> _Task requirements_
Only the pictures are to be left out; write out the rest of the data exactly.

Short web captions:
<<<<

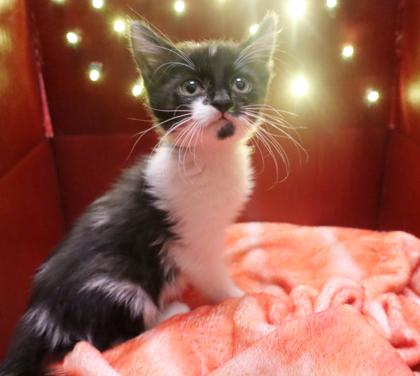 Oregano, Adoptable, Kitten Female Domestic Short Hair & Domestic Short Hair.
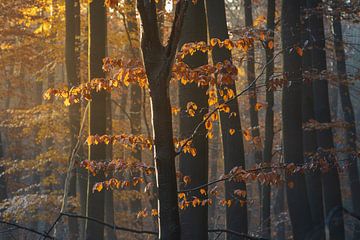 Detail of beech tree in autumn forest by Ate de Vries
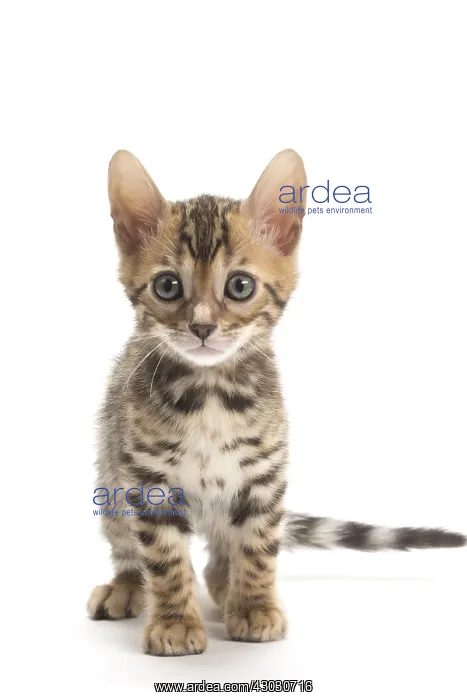  : Cat - Bengal kitten in the studio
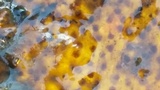 Fusicolla merismoides image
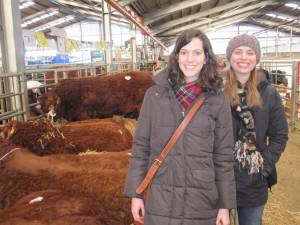 Foundation Students visit the Bull Sales in Stirling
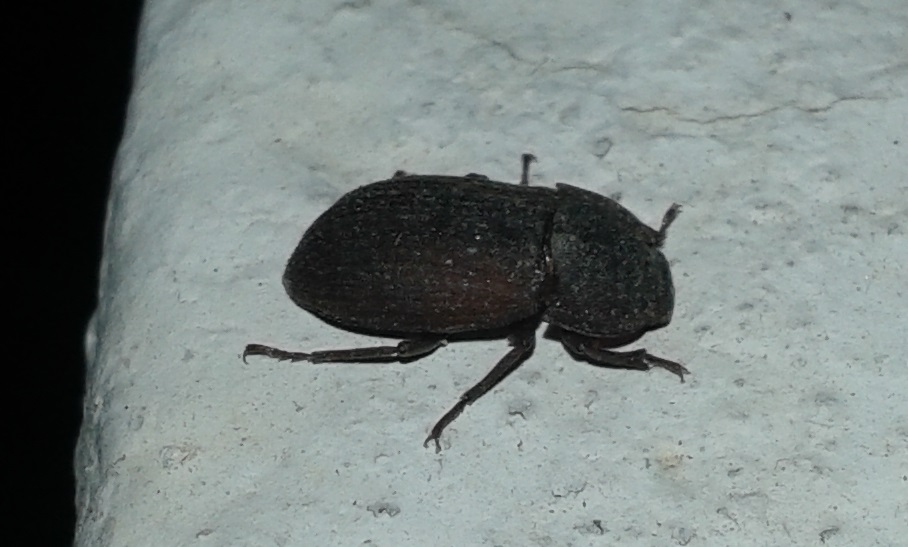 Opatrum italicum (cf.) - Tenebrionidae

>>>>

> _Written reply_
 Oregano, Adoptable, Kitten Female Domestic Short Hair & Domestic Short Hair.
 Detail of beech tree in autumn forest by Ate de Vries
  : Cat - Bengal kitten in the studio
 Fusicolla merismoides image
 Foundation Students visit the Bull Sales in Stirling
 Opatrum italicum (cf.) - Tenebrionidae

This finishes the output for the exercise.